### To do
Among the entries that follow, locate the line with "Cushy Silicone Breast Pump Flanges" and the line with "List of upcoming". Output those lines and all lines in between, exactly, minus the pictures.

### Given records

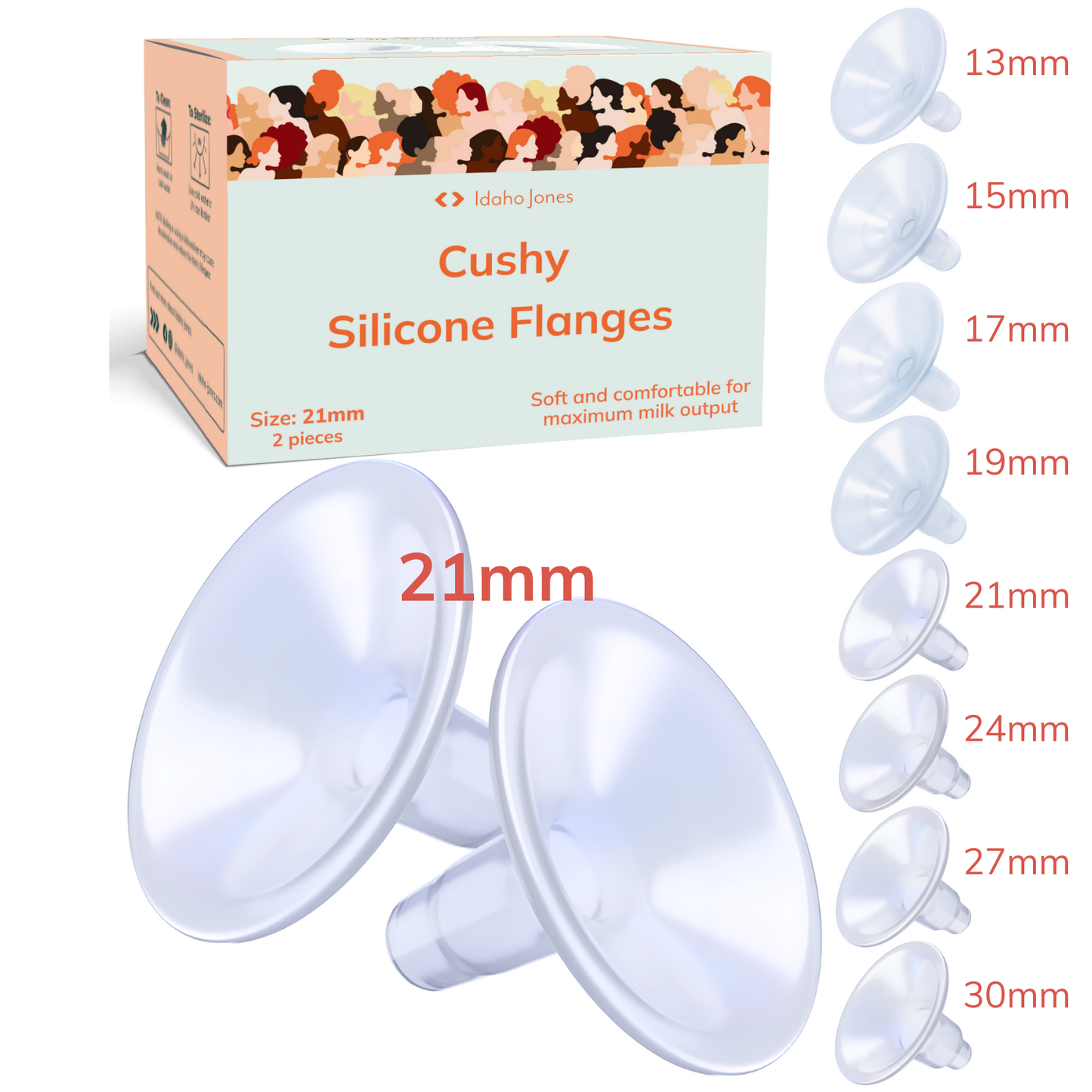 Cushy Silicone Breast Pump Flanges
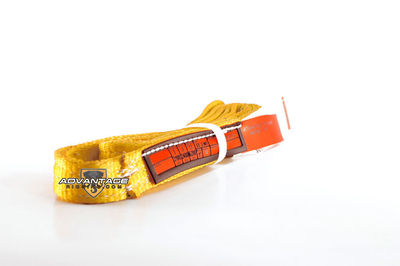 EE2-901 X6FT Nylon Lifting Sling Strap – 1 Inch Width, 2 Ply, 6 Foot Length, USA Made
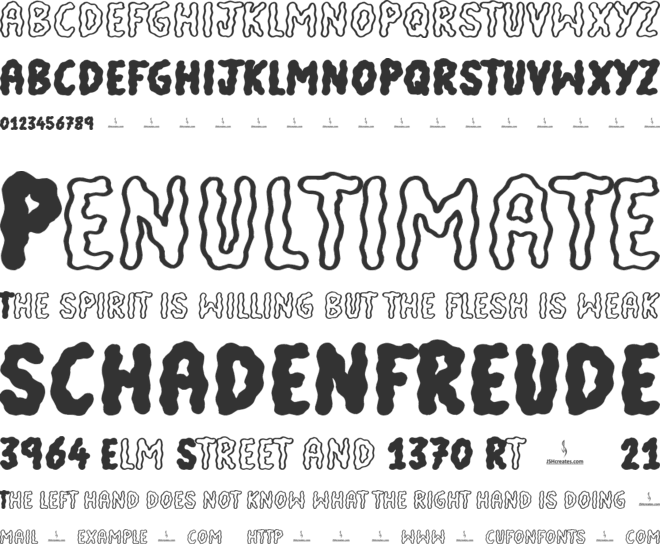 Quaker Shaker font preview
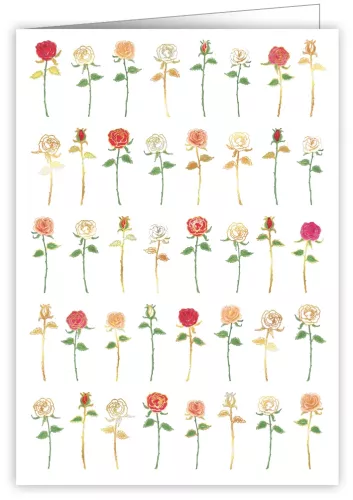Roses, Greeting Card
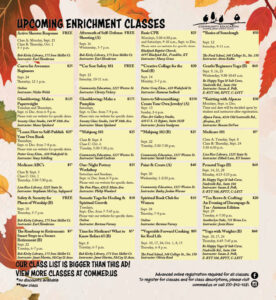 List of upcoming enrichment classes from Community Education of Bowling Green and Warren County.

--

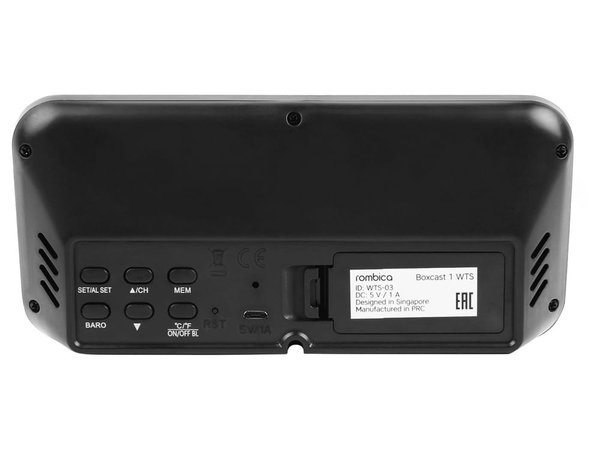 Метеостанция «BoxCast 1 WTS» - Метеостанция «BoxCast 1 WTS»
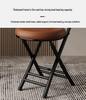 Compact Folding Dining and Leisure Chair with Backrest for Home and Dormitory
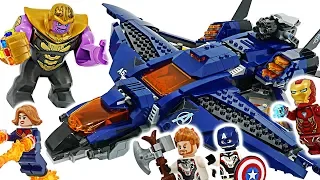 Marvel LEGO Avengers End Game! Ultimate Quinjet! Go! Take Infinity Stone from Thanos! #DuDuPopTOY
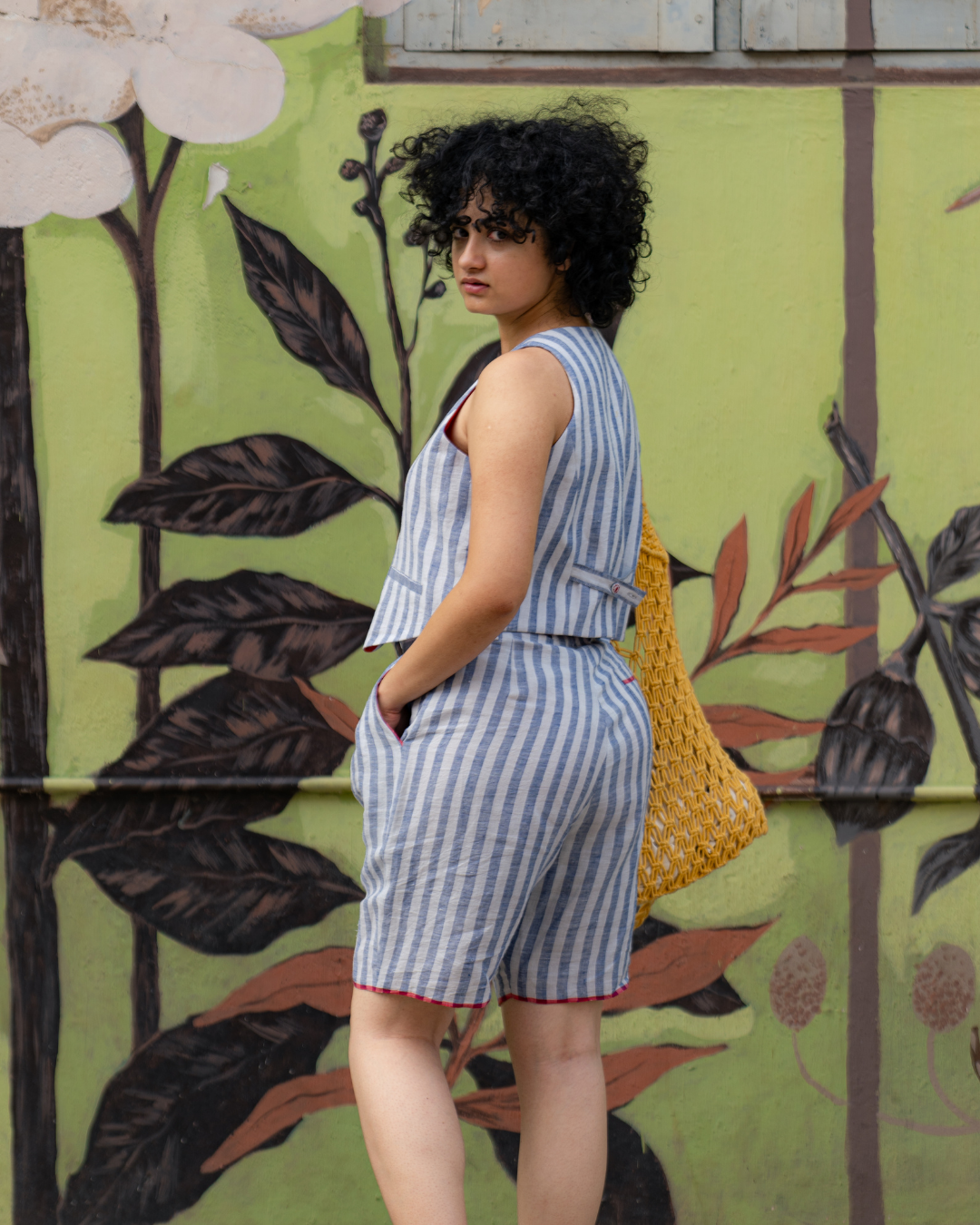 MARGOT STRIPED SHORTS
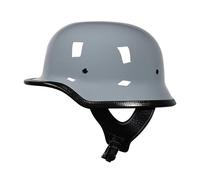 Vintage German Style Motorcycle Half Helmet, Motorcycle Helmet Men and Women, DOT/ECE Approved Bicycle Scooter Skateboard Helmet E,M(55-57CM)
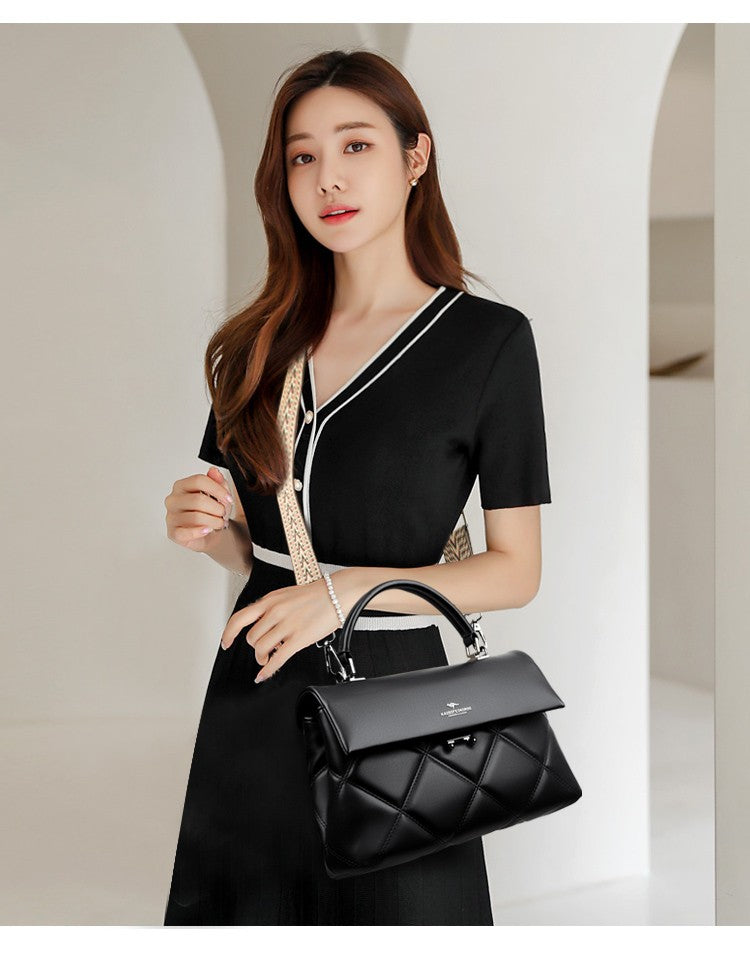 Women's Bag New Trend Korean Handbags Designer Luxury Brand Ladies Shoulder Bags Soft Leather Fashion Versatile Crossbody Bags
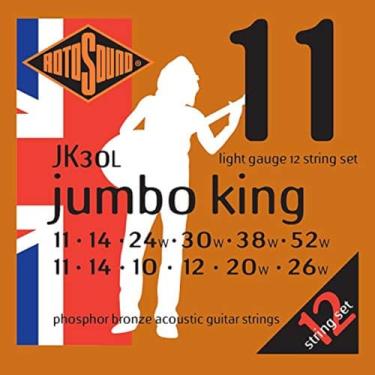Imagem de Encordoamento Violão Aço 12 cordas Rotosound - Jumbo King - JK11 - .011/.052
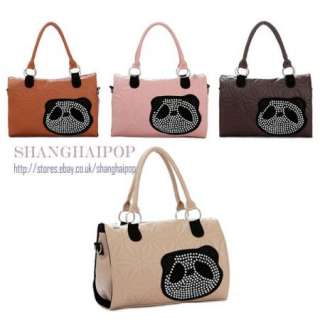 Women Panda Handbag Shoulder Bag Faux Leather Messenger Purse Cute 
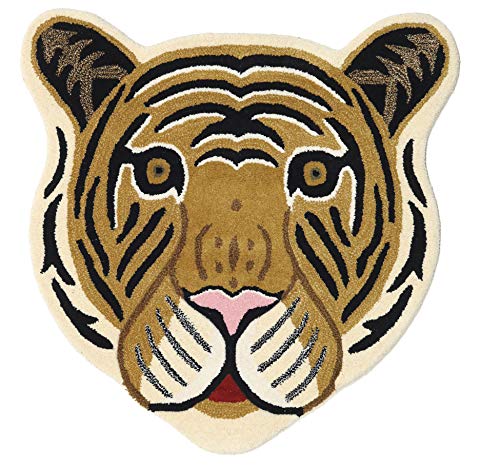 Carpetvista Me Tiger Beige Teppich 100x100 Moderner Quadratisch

### Solution below
 Cushy Silicone Breast Pump Flanges
 EE2-901 X6FT Nylon Lifting Sling Strap – 1 Inch Width, 2 Ply, 6 Foot Length, USA Made
 Quaker Shaker font preview
Roses, Greeting Card
 List of upcoming enrichment classes from Community Education of Bowling Green and Warren County.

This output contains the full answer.